Our best hope for understanding this recurrent ‘anti-Semitism’ is to study the history:  to look at the actual words written by prominent critics of the Jews, in context, and with an eye to any common patterns to might emerge.  Such a study reveals strikingly consistent observations:  Jews are seen as pernicious, conniving, shifty liars; they harbor a deep-seated hatred of humanity; they are at once foolish and arrogant; they are socially disruptive and rebellious; they are ruthless exploiters and parasites; they are master criminals—the list goes on. 

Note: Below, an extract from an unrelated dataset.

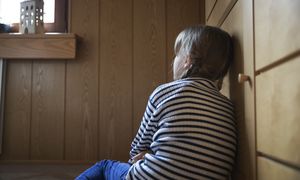 Dzieci marzą o przyjacielu i czasie z tatą. Raport odsłania ich samotność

The persistence of such comments is remarkable, and strongly suggests that the cause for such animosity resides in the Jews themselves—in their attitudes, their values, their ethnic traits, and their beliefs.  It is hard to come to any other conclusion than that Jews are biologically, genetically inclined toward actions that trigger a revulsion in non-Jews.  Jews have always been, and will always be, eternal strangers.


Given this fact, we have a difficult path forward.  One lesson of history is that Jews will not change; if anything, they will become better at hiding their real motives and intents.  Under such conditions, many great thinkers have come to one conclusion:  Jews must be separated from the rest of humanity.  Wherever they mix with others, trouble arises.  Therefore, they must live apart.  This is the inevitable consequence. 


Eternal Strangers is a profoundly important book.  It addresses the modern-day “Jewish problem” in all its depth—something which is arguably at the root of many of the world’s social, political, and economic problems.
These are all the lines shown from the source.